I have a couple of kids of learner’s permit age, and it’s my fatherly duty to give them some driving tips so they won’t be a menace to themselves and to everyone else. So I’ve been analyzing the way I drive: How did I know that the other driver was going to turn left ahead of me? Why am I paying attention to the unleashed dog on the sidewalk but not the branches of the trees overhead? What subconscious cues tell me that a light is about to change to red or that the door of a parked car is about to open?
This exercise has given me a renewed appreciation for the terrible complexity of driving—and that’s just the stuff I know to think about. The car itself already takes care of a million details that make the car go, stop, and steer, and that process was complex enough when I was young and cars were essentially mechanical and electric. Now, cars have become rolling computers, with humans controlling (at most) speed, direction, and comfort.
For a vehicle to even approach autonomy, it has to understand the instant-to-instant changes in its immediate environment and what they mean. It has to know how to react. And it has to know the important nearby things that don’t change—like where houses and trees are.

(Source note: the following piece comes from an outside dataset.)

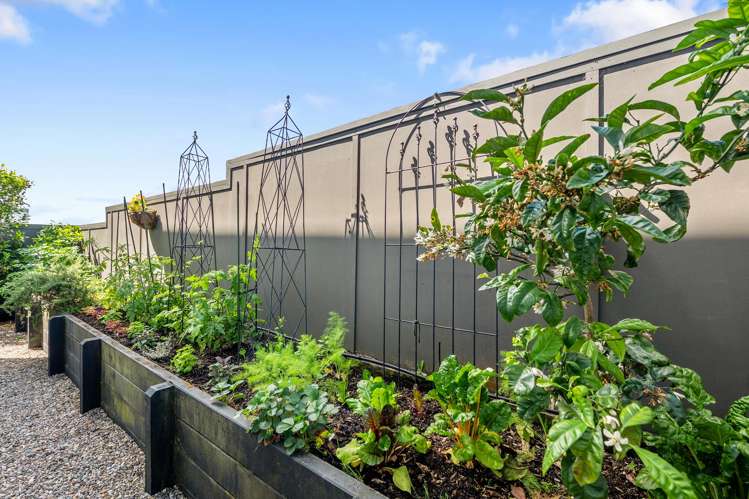 47 Princes Street Northcote Point_15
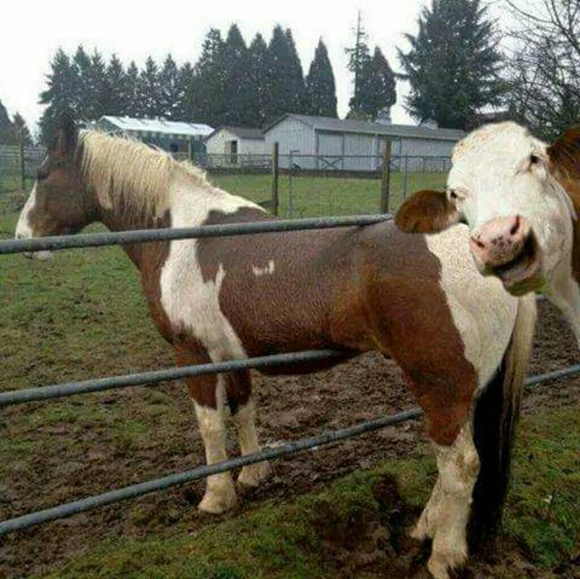 Meet your Posher, Jayson - Picture 2 of 2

This is hard. Uber suspended its autonomous car program early in 2018 when one of its cars struck and killed a bicyclist. The company waited until late in the year to ask for permission (which it technically did not need) to put them back on the road in Pittsburgh, where they were a not-uncommon sight before the accident.
The Society for Automotive Engineering and the US Department of Transportation specify six degrees of autonomy, running from Level 0 (human drivers in complete control) to Level 5 (a fully self-driving vehicle). The commercially available car currently considered the most autonomous—the Cadillac CT6 with Super Cruise—makes it to Level 2… but only on the 130,000 miles (many of them highways) that its maps know. Tesla’s Autopilot mode, the name notwithstanding, is also considered Level 2. Neither of them are anything like set-and-forget systems.